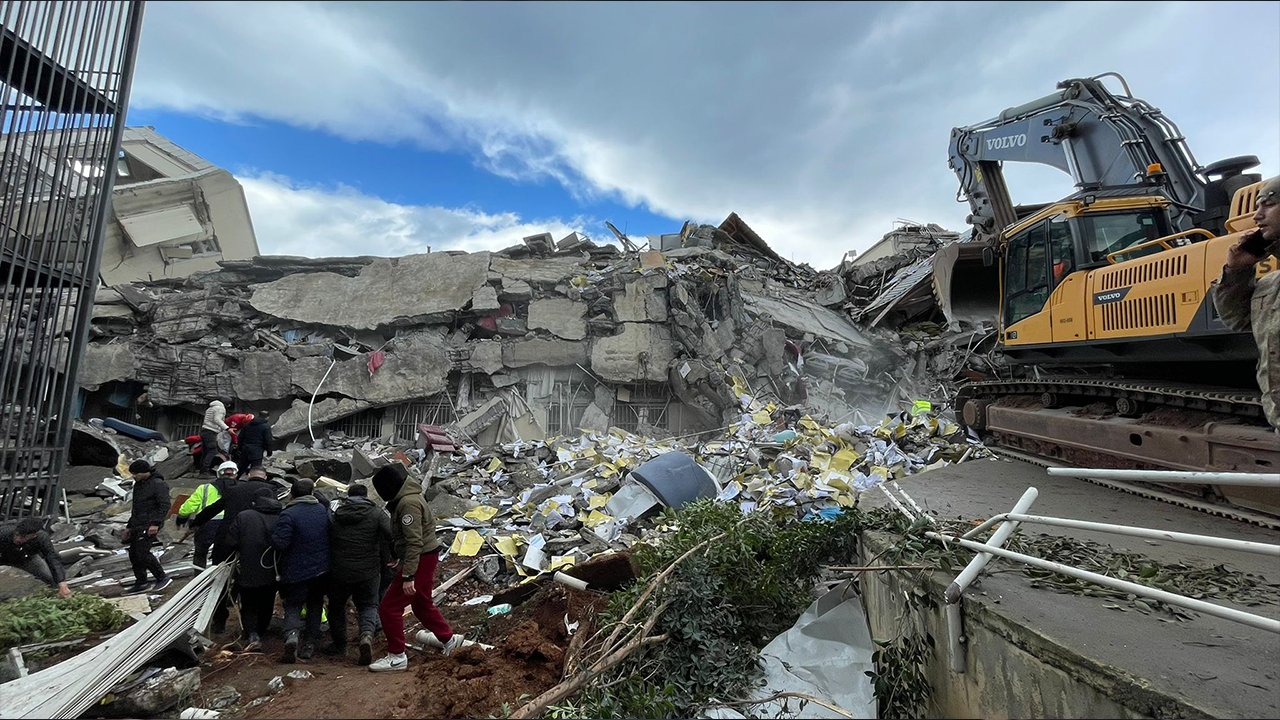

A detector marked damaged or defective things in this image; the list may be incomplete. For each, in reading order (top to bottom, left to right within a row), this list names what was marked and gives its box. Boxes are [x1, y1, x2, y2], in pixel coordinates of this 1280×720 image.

broken concrete slab [230, 351, 293, 399]
broken concrete slab [248, 251, 488, 330]
damaged building facade [77, 215, 942, 445]
broken concrete slab [501, 338, 586, 366]
broken concrete slab [527, 298, 586, 340]
broken concrete slab [591, 324, 680, 384]
broken concrete slab [611, 272, 670, 320]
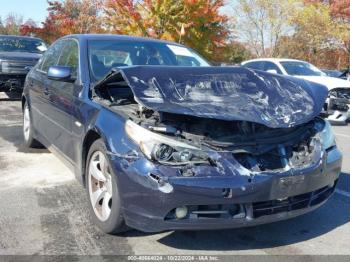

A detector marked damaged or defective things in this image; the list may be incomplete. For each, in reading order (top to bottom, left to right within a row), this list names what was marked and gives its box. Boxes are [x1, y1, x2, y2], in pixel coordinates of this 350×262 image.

crumpled hood [93, 66, 328, 128]
broken headlight [125, 120, 208, 165]
damaged blue sedan [21, 34, 342, 233]
broken headlight [318, 118, 336, 149]
damaged front bumper [109, 144, 342, 232]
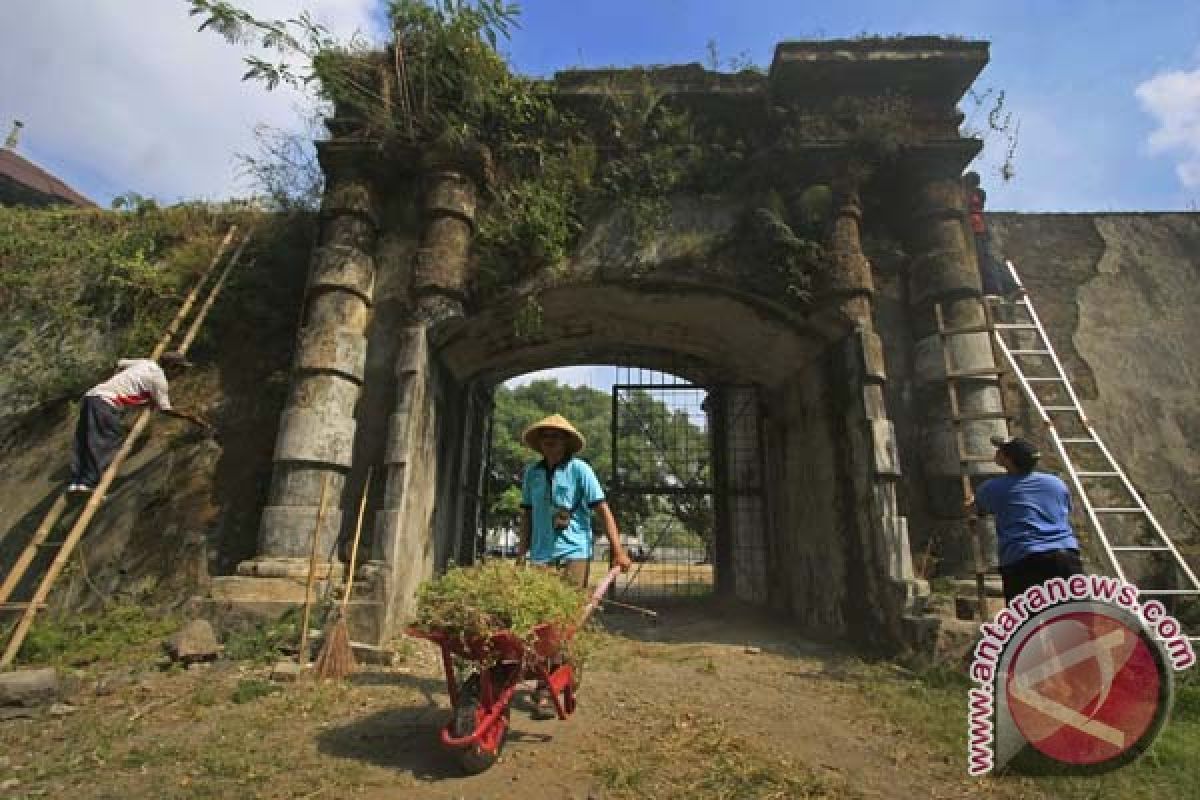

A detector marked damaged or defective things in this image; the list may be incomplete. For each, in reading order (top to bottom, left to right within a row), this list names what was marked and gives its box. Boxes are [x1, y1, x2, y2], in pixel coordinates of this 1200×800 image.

cracked concrete wall [984, 209, 1200, 566]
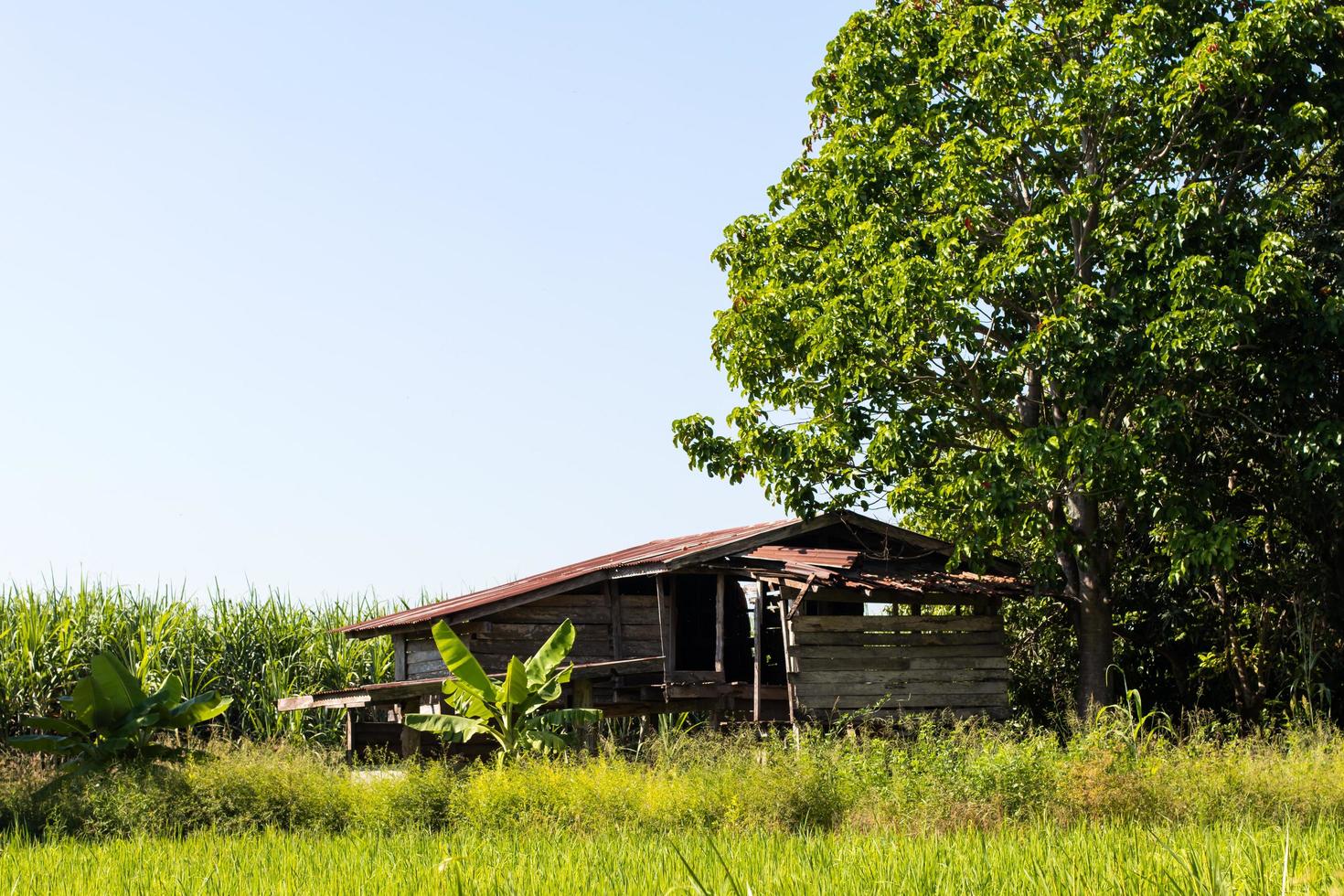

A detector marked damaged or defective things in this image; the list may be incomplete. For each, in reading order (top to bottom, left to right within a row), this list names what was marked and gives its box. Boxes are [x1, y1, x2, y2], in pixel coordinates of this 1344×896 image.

rusty corrugated roof [342, 519, 805, 636]
broken roof section [338, 512, 1017, 636]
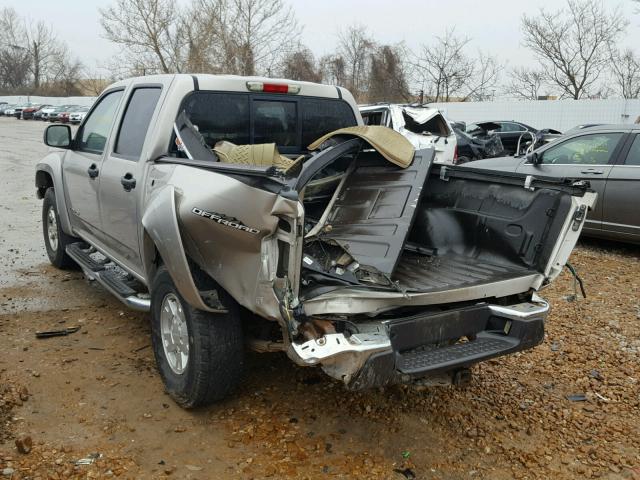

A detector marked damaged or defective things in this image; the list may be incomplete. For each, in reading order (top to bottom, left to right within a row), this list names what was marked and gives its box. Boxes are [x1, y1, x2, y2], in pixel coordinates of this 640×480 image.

wrecked vehicle in background [33, 75, 596, 408]
damaged pickup truck [35, 75, 596, 408]
crumpled sheet metal [306, 125, 416, 169]
wrecked vehicle in background [360, 104, 456, 164]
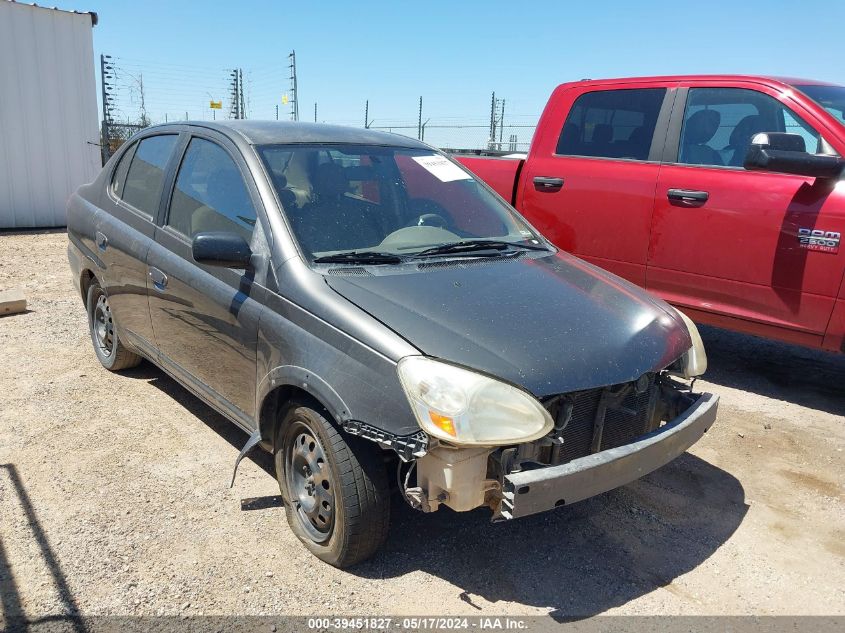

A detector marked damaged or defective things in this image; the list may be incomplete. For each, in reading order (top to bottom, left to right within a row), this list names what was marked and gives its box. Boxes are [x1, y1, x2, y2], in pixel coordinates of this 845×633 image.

damaged gray sedan [66, 121, 720, 564]
cracked headlight housing [398, 356, 552, 444]
broken front bumper [494, 392, 720, 520]
cracked headlight housing [668, 310, 708, 378]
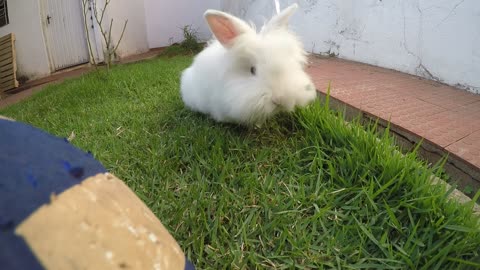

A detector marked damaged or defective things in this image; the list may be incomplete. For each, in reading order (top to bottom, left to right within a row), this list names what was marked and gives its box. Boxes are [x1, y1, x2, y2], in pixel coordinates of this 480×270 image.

cracked wall [221, 0, 480, 94]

* **Problem to work on**
The copy must begin at the line containing "this 1344×896 image." and end at the last line of the data above, with every line retyped exactly and no pictures included.

* **Result**
A detector marked damaged or defective things in this image; the list may be incomplete. For each, in reading order (top to bottom, left to right within a row), this list names what was marked and gives its box. Boxes are [x1, y1, x2, y2], in pixel coordinates of this 1344×896 image.

rusty corrugated roof [342, 519, 805, 636]
broken roof section [338, 512, 1017, 636]

A detector marked damaged or defective things in this image; the list may be incomplete. For each, in reading order (top to bottom, left to right within a row), this list names what was marked and gives its box. Boxes are [x1, y1, x2, y2], in pixel coordinates of this 640×480 image.

wrecked vehicle in background [33, 75, 596, 408]
damaged pickup truck [35, 75, 596, 408]
crumpled sheet metal [306, 125, 416, 169]
wrecked vehicle in background [360, 104, 456, 164]

A detector marked damaged or defective things in this image; the list may be incomplete. For each, in reading order (top to bottom, left to right within a row), this list names what was marked and gives its box. Boxes are [x1, y1, x2, y2], in pixel coordinates of this 845×633 image.

damaged gray sedan [66, 121, 720, 564]
cracked headlight housing [398, 356, 552, 444]
broken front bumper [494, 392, 720, 520]
cracked headlight housing [668, 310, 708, 378]

A detector marked damaged or defective things in this image; the list may be incomplete. For each, in reading order (top to bottom, left to right within a row), this list names what was marked and gives its box. Boxes are [x1, y1, x2, y2], in pixel coordinates of this 480×270 image.

cracked wall [221, 0, 480, 94]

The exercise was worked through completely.